Claire Keegan is a wonder. I absolutely loved her short story The Forester’s Daughter as well as her latest novella Small Things Like These, the latter having garnered rave reviews, and very rightly so. With Foster, her earlier penned novella, she continues to impress.
“God help you, Child,” she (Mrs Kinsella) says. If you were mine, I’d never leave you in a house with strangers.”
There’s a moment in this achingly beautiful novella when our narrator, a young girl, is asked by Mr Kinsella whether she can run. She is confused by the question, but what Mr Kinsella wants to know is how fast she can sprint from the end of the lane to the post box. When she runs as fast as she can, Mr Kinsella is impressed by her speed given it’s her first time but indicates that they will try again tomorrow to test whether she can improve. The girl is struck by the idea that she is expected to run any faster to which Mr Kinsella replies, “By the time you’re ready for home you’ll be like a reindeer.” That haunting scene of the young girl racing down the lane is once again presented to the reader in the final pages, but rather than something as innocuous as collecting letters from the postbox, it’s for a reason that’s much more sad and heartbreaking.
Foster, then, is a gorgeous, perfectly crafted novella of great emotional depth where love, kindness, warmth and affection play a significant role in transforming the life of a young girl.
The novel opens with our narrator undertaking a journey with her father deep into the heart of the Wexford countryside where she is to reside with the Kinsellas on their farmhouse for a few months. The girl has many siblings, she’s born into a family that continues to grow, and her mother is once again expecting another child shortly. Having been brought up in an environment of poverty and neglect, the girl is apprehensive about her short stay at the Kinsellas and consoles herself by the thought that she’s only there for a short period.
Her father leaves her at the Kinsella home with no suitcase of fresh clothes other than the ones she is already wearing. Intimidated by her new surroundings, the girl is at first homesick and longs to be back in her familiar space, however imperfect. But things gradually begin to change.
As the days roll by, she becomes absorbed in the daily routine of the household, helping Mr and Mrs Kinsella in the house, kitchen and on the farm, deriving joy from these simple pleasures. The aroma of good, wholesome food instills a sense of wellbeing, and she revels in warm baths (“The water is deeper than any I have ever bathed in. Our mother makes us bathe in what little she can, and makes us share.”)
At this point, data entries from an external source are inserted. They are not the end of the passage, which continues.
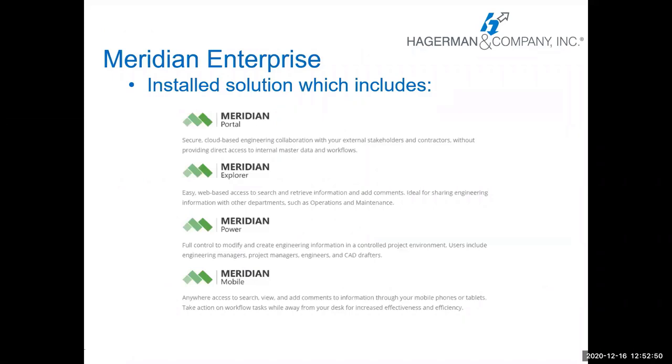The Meridian Enterprise Solution is installed and includes Meridian Portal, which is a collaboration web-based tool; Meridian Explorer, which is the search, view, and print tool for consumers of documents; Meridian Power, where you contribute documents and edit — that's the primary product we're going to talk about today; and Meridian Mobile, which is the mobile version of Explorer, where folks in the field can easily access documents from mechanical rooms or anywhere on site.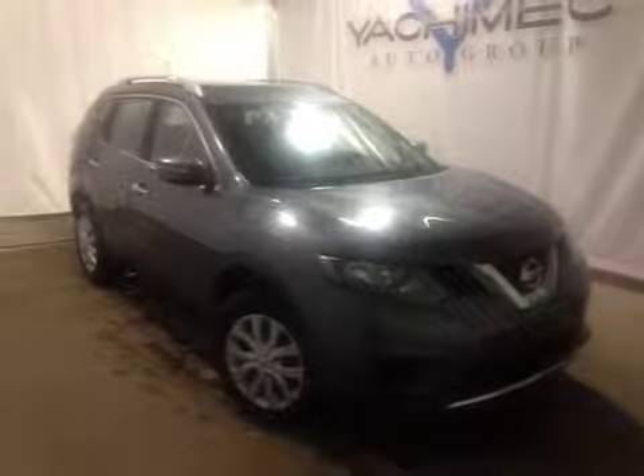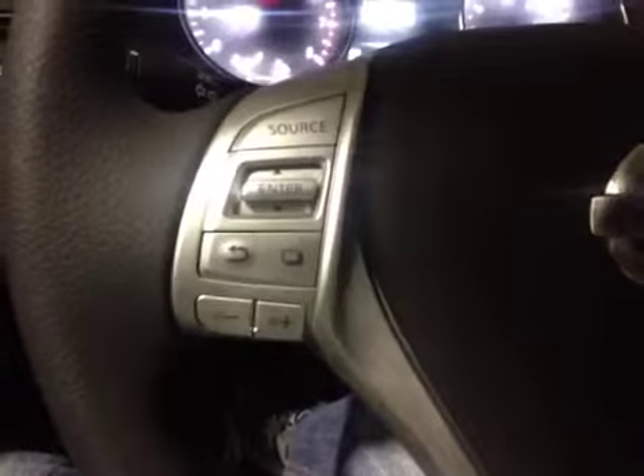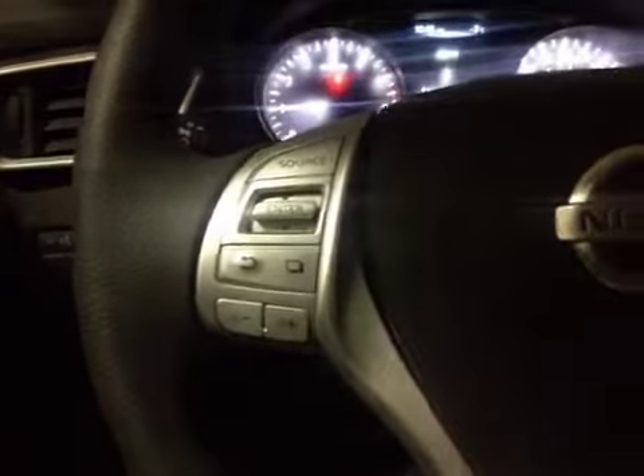Welcome. Today we're proud to present this 2015 Nissan Rogue. Here we are inside, taking a look at the steering wheel. We have control over the media as well as our driver information screen. On the other side of the wheel we have control over the cruise control.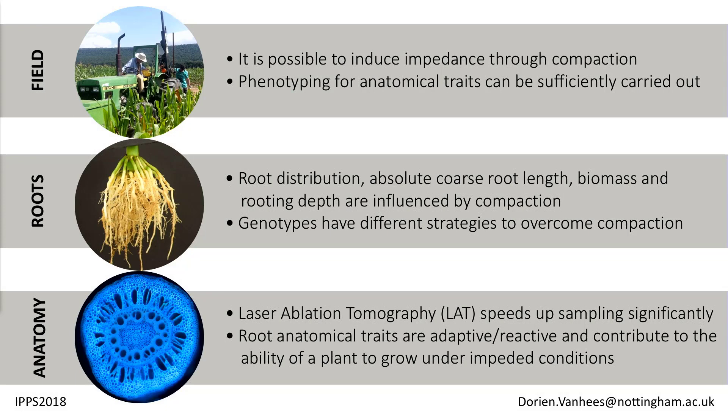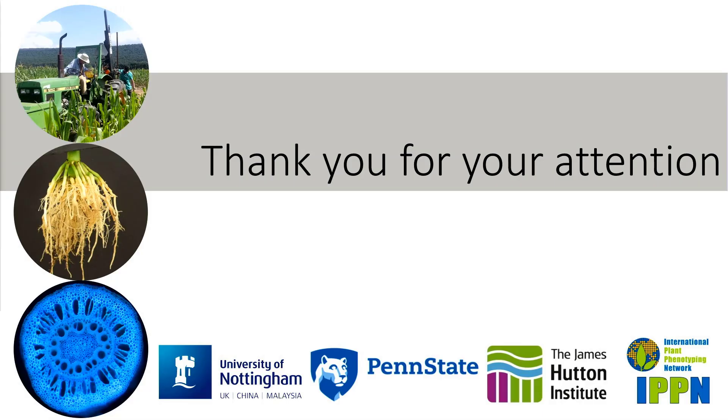In conclusion, it is possible to induce impedance through compaction, and we observed reduced yields and reduced biomass. Phenotyping for anatomical traits can be successfully carried out. Root distribution, absolute coarse root length, biomass, and rooting depth are all influenced by compaction, but genotypes react differently to overcome this. Laser ablation tomography significantly speeds up sampling, and root anatomical traits do react to levels of impedance in ways that may be adaptive and contribute to a plant's ability to grow under impeded conditions. What I really want to support is that if we are going to phenotype roots, we also need to look at the anatomy, because there is definitely something there that needs to be further explored. Thank you for your attention.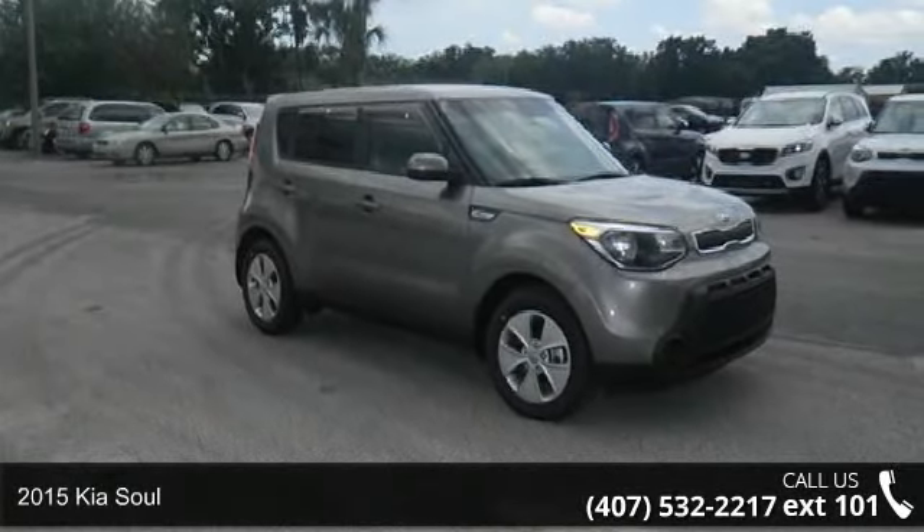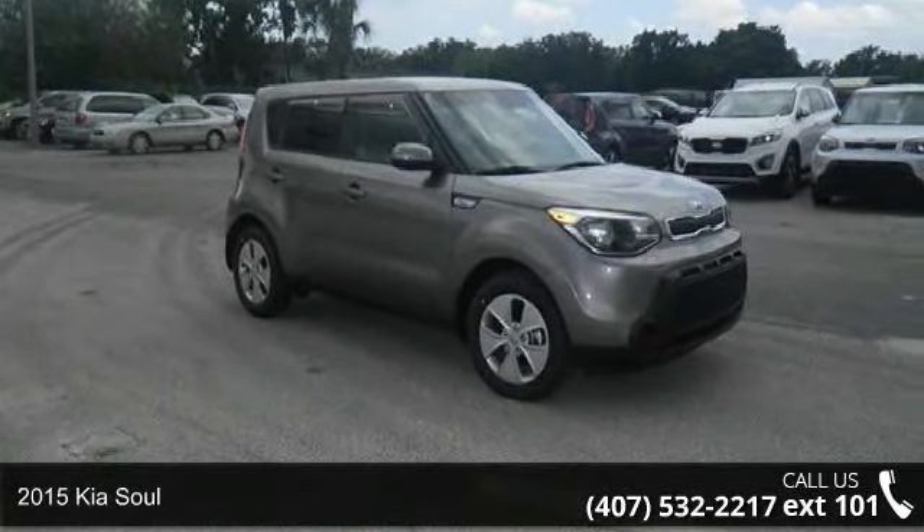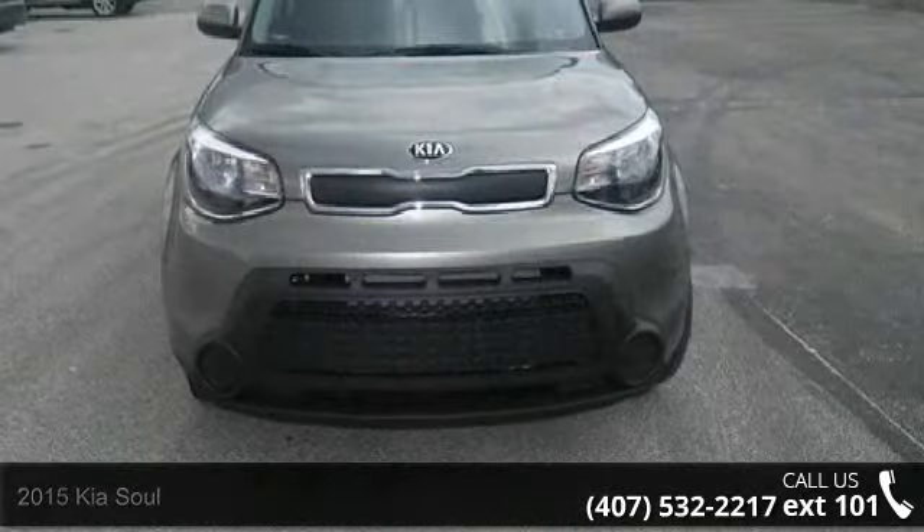Check out this 2015 Kia Soul. This may be the set of wheels you've been looking for. Enjoy these notable features: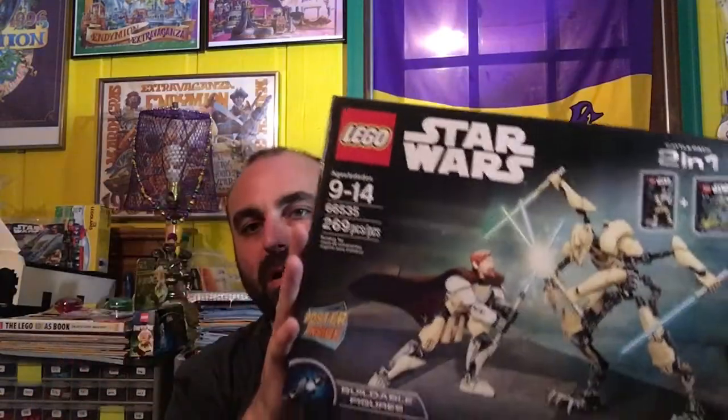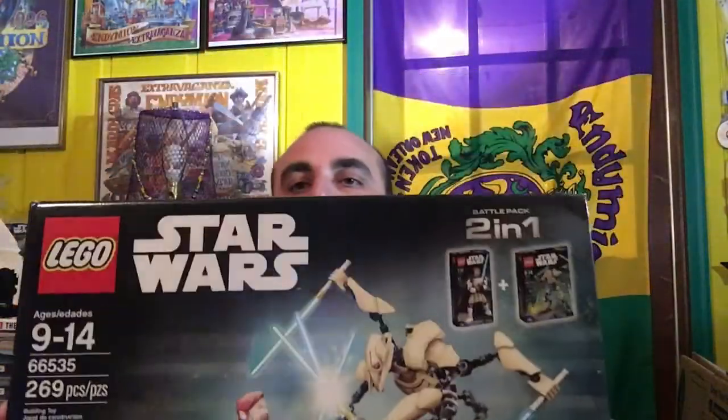Bricksar did a video a while back where he got something in the mail and was disappointed with it, and it got me thinking about asking him: what's the worst deal you've ever got? I bought some things on clearance too. I picked up this set — a two-in-one buildable figures set. I really don't even like these figures; this is the only one — well, I think I have a couple more. The only reason I got them is because they were on clearance.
The Kinsellas buy her new clothes and she develops a fine camaraderie with Mr Kinsella who takes her out on walks and to the beach, and expands her worldview by introducing her to books.
We fold my clothes and place them inside, along with the books we bought at Webb’s in Gorey: ‘Heidi’, ‘What Katy Did Next’, ‘The Snow Queen.’ At first, I struggled with some of the bigger words but Kinsella kept his fingernail under each, patiently, until I guessed it and then I did this by myself until I no longer needed to guess, and read on. It was like learning to ride the bike; I felt myself taking off, the freedom of going places I couldn’t have gone before, and it was easy.
But the Kinsellas harbour a terrible secret and its discovery makes the girl realize for the first time how easily her idyll could shatter to pieces.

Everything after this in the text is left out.